February 21, 2024 — Labor unions, environmental advocates and many lawmakers are looking to Maine’s budding offshore wind industry to help transition the state into the future, as a climate-friendly driver of investment and jobs.
On Tuesday. Gov. Janet Mills announced that Sears Island on the northern tip of Penobscot Bay would be the location of a new port from which floating turbines would be assembled and launched into the Gulf of Maine.
This isn’t the first time Maine has tried to procure the alternative energy source.
Back in 2010, the state began working with international oil and gas company Statoil on a $120 million offshore wind pilot project that never came to fruition. Then-Gov. Paul LePage was opposed to the project, arguing it didn’t provide enough benefits to the state, as reported by Bangor Daily News in 2013.
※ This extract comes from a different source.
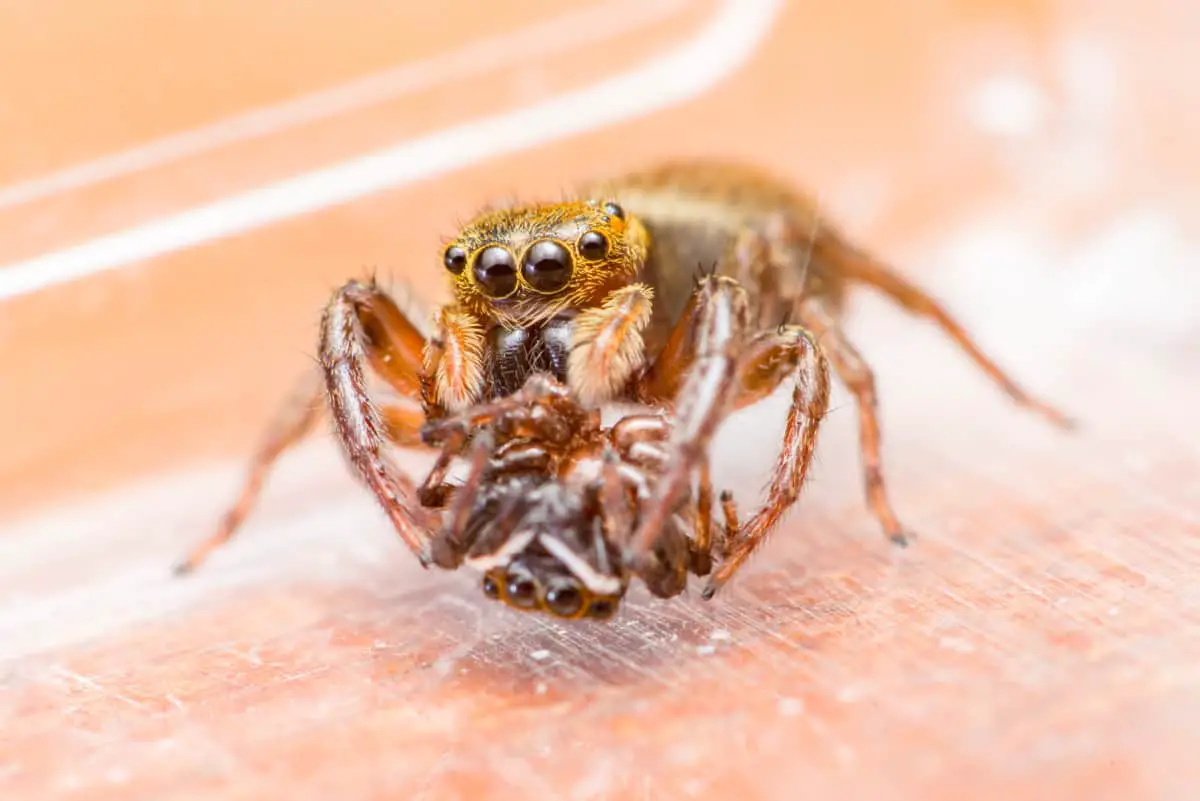 how-long-does-it-take-for-spider-eggs-to-hatch-whatbugisthat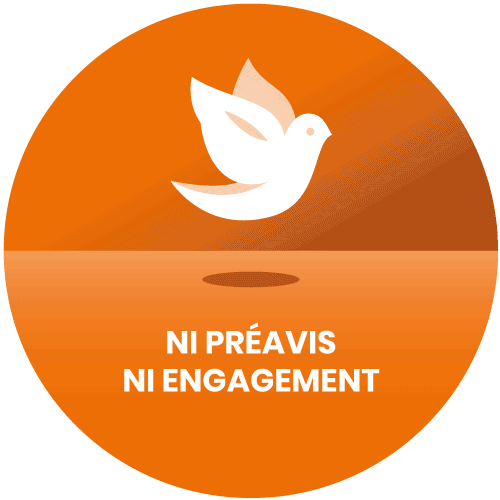 Trouvez votre femme de ménage de confiance avec Joker Liberté 7 liberte 1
“We had the chance to do this 15 years ago, and we blew it,” said Kathleen Meil, senior director of policy and partnerships for Maine Conservation Voters, referring to the failed wind project.
But last legislative session, Mills signed a law that not only brought offshore wind back to life, but did so with high labor and environmental standards, which she says will help build quality jobs while achieving the goal of having infrastructure to create three gigawatts — enough to power between 675,000 and 900,000 homes — installed by the end of 2040.